■ PROBLEM STATEMENT:
Because the entries hold pictures, reproduce only their words, exactly as written.
[Opening DATASET ENTRIES section]
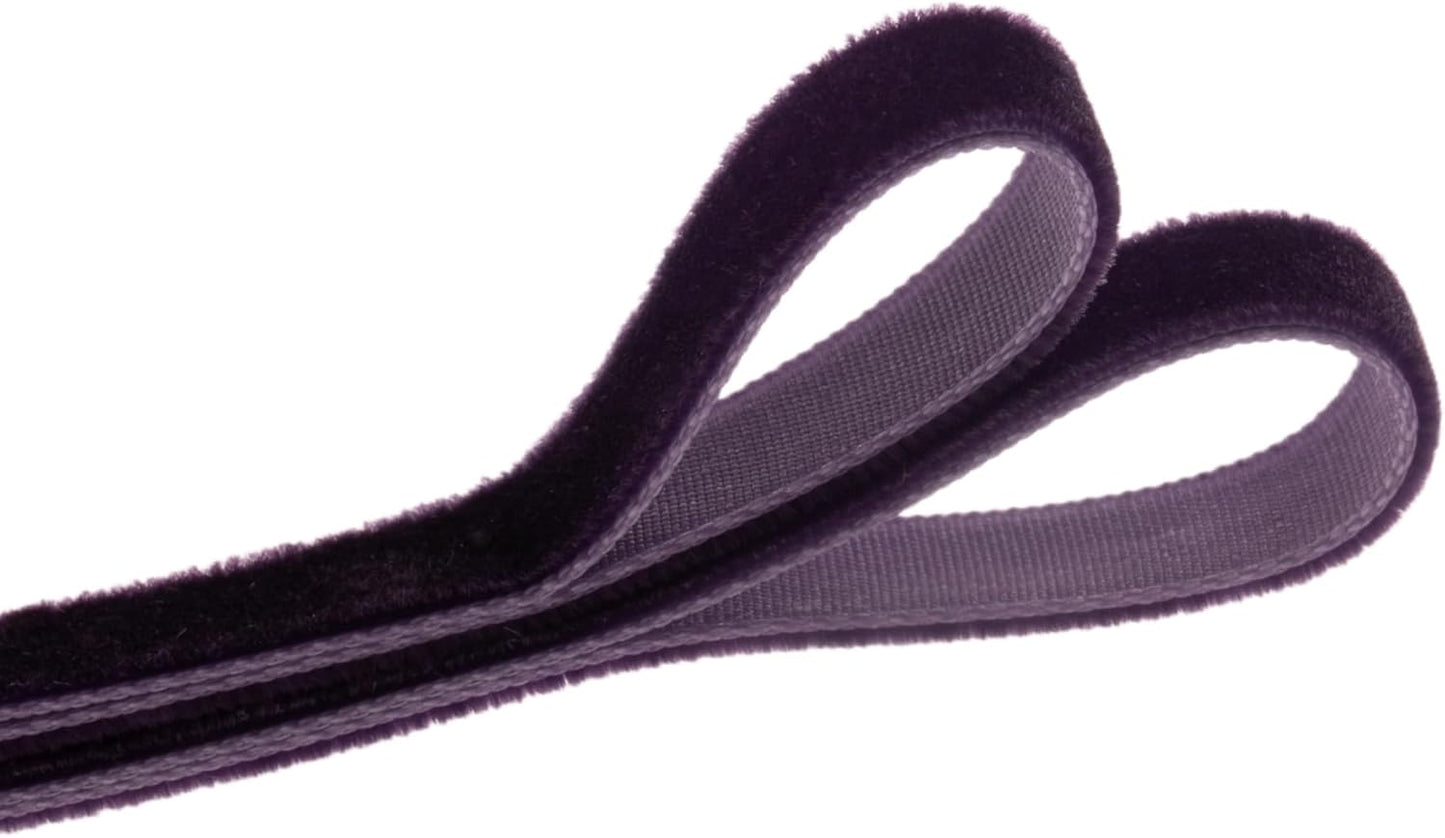 Vintage Purple Velvet Ribbon, 3/8 Inch X 25Yd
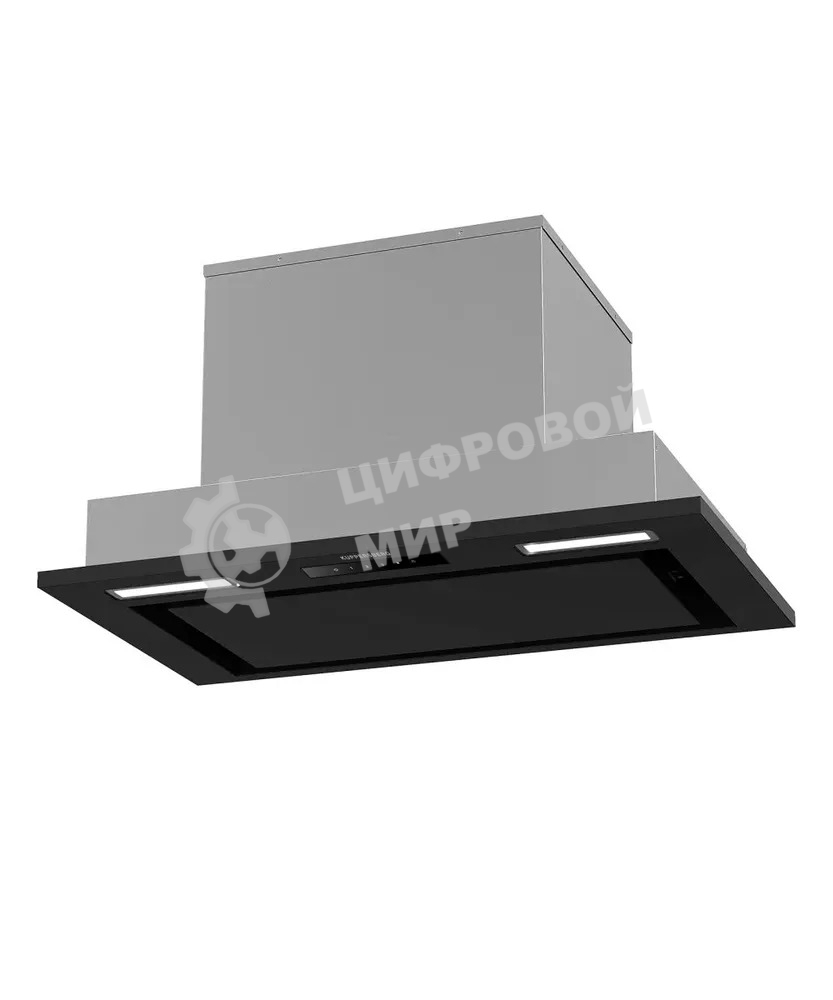 Вытяжка встраиваемая Kuppersberg High-Tech Inflat 60 B черный, 60 см, 780 куб. м/ч, 56 дБ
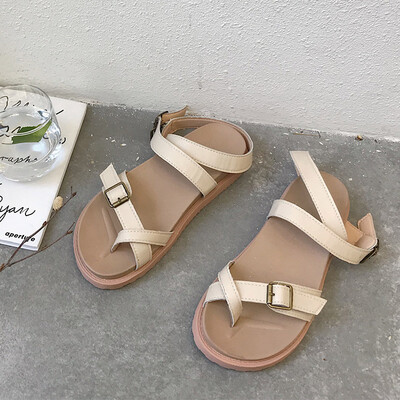 

Suyuan ulzzang sandals women summer muffin shoes thick - bottomed ins girls 100 soft girls fashion shoes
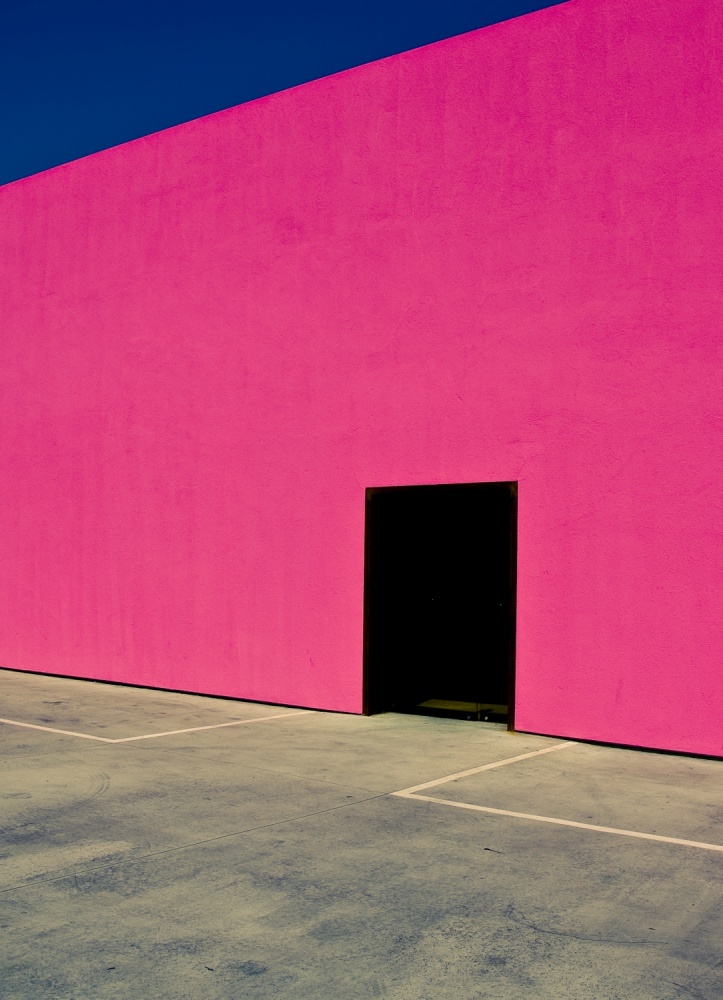 Shocking Pink Wall von David Jordan Williams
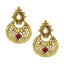 Traditional Chand Bali Ruby Antique 22K Gold Plated Earring Women Bulk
[Closing DATASET ENTRIES section]
■ TASK OUTPUT:
 Vintage Purple Velvet Ribbon, 3/8 Inch X 25Yd
 Вытяжка встраиваемая Kuppersberg High-Tech Inflat 60 B черный, 60 см, 780 куб. м/ч, 56 дБ

Suyuan ulzzang sandals women summer muffin shoes thick - bottomed ins girls 100 soft girls fashion shoes
 Shocking Pink Wall von David Jordan Williams
 Traditional Chand Bali Ruby Antique 22K Gold Plated Earring Women Bulk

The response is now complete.